Wipro Future Earnings and Revenue Growth
Assumptions
How have these above catalysts been quantified?- Analysts are assuming Wipro's revenue will grow by 6.3% annually over the next 3 years.
- Analysts assume that profit margins will increase from 13.2% today to 14.3% in 3 years time.
- Analysts expect earnings to reach ₹152.6 billion (and earnings per share of ₹14.84) by about December 2027, up from ₹117.4 billion today. However, there is some disagreement amongst the analysts with the more bearish ones expecting earnings as low as ₹135.1 billion.
- In order for the above numbers to justify the analysts price target, the company would need to trade at a PE ratio of 27.4x on those 2027 earnings, down from 27.5x today. This future PE is lower than the current PE for the US IT industry at 45.0x.
- Analysts expect the number of shares outstanding to decline by 0.55% per year for the next 3 years.
- To value all of this in today's terms, we will use a discount rate of 14.73%, as per the Simply Wall St company report.
Wipro Future Earnings Per Share Growth
Risks
What could happen that would invalidate this narrative?- The guidance for the next quarter indicates a potential decline in revenue growth of up to 2%, partly due to seasonal factors like furloughs and fewer working days, but also due to client-specific issues in Europe, which could negatively impact revenue.
- Persistent declines in the Manufacturing and Energy & Utilities sectors suggest ongoing challenges in these areas, which may require significant strategic adjustments and could hinder overall revenue growth.
- Specific client ramp-downs in Europe and slower-than-expected deal conversions highlight potential execution issues, posing risks to both revenue and net margins.
- The impact of continued salary increases, as well as headwinds such as furloughs, risks narrowing margins despite operational improvements, which could pressure net earnings.

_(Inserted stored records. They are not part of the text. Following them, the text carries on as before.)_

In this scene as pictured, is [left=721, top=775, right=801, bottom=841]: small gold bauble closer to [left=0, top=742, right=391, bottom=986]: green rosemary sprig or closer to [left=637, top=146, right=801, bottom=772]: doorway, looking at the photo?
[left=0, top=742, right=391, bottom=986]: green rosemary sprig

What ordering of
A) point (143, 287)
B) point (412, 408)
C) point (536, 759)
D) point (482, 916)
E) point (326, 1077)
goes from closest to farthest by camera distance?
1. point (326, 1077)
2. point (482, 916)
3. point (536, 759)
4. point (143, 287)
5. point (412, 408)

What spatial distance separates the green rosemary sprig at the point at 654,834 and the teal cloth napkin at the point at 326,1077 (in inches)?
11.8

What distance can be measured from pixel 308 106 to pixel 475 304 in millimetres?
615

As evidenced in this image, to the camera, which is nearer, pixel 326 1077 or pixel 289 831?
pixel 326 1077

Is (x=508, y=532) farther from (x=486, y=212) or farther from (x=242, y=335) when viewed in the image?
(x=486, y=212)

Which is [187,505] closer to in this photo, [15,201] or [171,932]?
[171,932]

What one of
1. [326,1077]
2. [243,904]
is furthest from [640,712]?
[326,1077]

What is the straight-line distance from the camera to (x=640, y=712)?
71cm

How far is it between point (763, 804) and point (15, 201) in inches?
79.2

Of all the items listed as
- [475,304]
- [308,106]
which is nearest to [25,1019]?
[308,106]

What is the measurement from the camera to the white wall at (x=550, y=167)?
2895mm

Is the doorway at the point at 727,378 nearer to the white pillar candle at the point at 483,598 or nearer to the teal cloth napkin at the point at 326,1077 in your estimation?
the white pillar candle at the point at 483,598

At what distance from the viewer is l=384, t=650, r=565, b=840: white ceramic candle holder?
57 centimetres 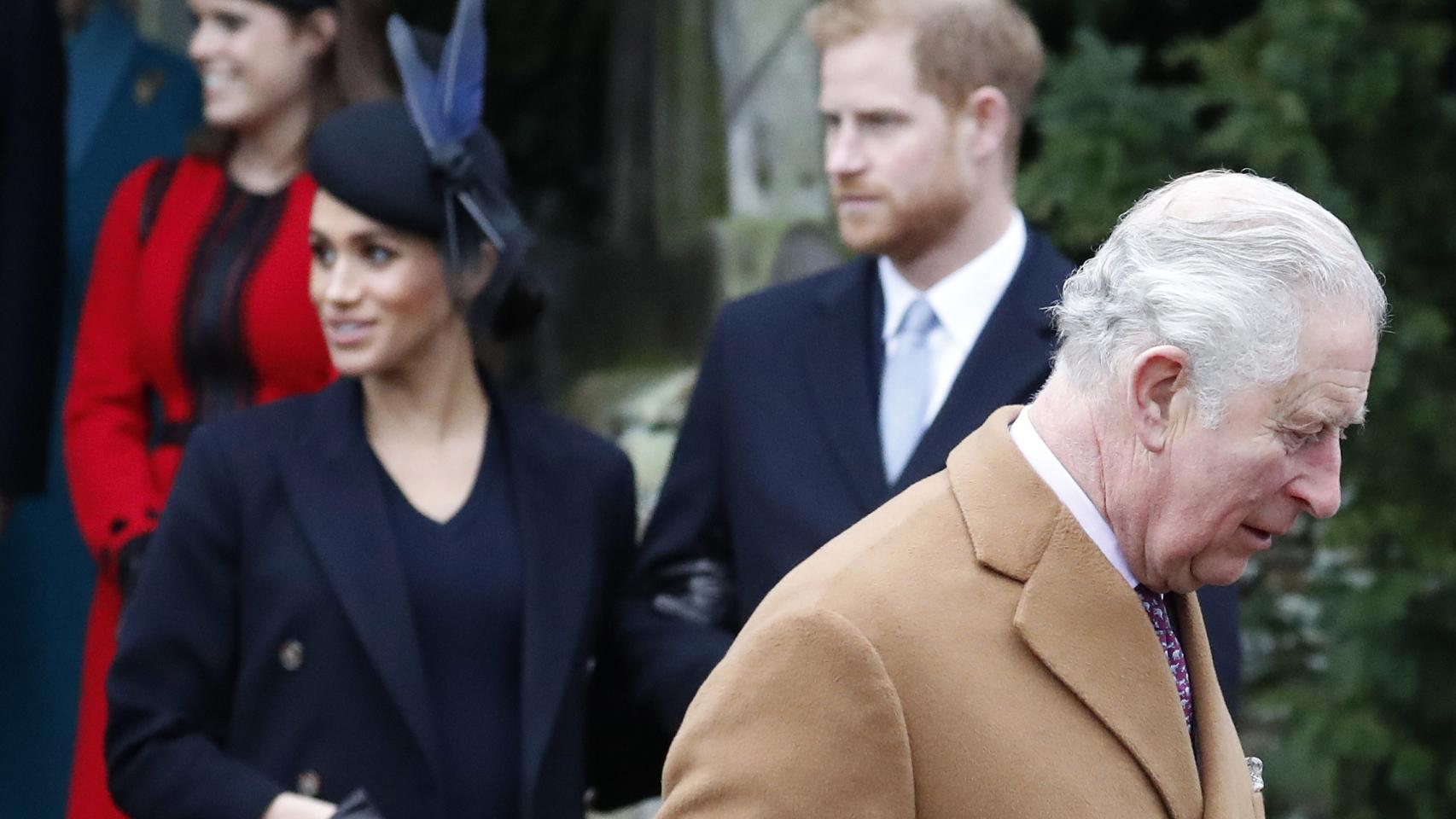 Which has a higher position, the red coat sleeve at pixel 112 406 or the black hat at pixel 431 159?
the black hat at pixel 431 159

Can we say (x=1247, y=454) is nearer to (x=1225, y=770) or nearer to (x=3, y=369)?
(x=1225, y=770)

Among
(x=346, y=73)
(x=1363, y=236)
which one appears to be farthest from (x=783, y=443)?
(x=1363, y=236)

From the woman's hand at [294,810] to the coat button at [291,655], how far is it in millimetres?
180

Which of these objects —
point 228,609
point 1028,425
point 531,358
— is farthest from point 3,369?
point 531,358

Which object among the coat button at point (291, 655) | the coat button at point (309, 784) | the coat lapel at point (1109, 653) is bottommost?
the coat button at point (309, 784)

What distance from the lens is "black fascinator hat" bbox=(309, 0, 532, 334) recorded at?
3293mm

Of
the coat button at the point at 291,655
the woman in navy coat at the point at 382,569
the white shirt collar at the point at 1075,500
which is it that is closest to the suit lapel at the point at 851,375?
the woman in navy coat at the point at 382,569

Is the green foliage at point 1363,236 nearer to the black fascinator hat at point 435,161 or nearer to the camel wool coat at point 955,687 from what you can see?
the black fascinator hat at point 435,161

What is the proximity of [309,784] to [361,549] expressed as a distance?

- The reliance on BFSI and U.S. market performance for growth highlights an over-dependence which may prove risky if these markets face disruptions or slowdowns, affecting both revenue stability and long-term earnings growth.
Valuation
How have all the factors above been brought together to estimate a fair value?- The analysts have a consensus price target of ₹269.02 for Wipro based on their expectations of its future earnings growth, profit margins and other risk factors. However, there is a degree of disagreement amongst analysts, with the most bullish reporting a price target of ₹350.0, and the most bearish reporting a price target of just ₹212.5.
- In order for you to agree with the analyst's consensus, you'd need to believe that by 2027, revenues will be ₹1064.4 billion, earnings will come to ₹152.6 billion, and it would be trading on a PE ratio of 27.4x, assuming you use a discount rate of 14.7%.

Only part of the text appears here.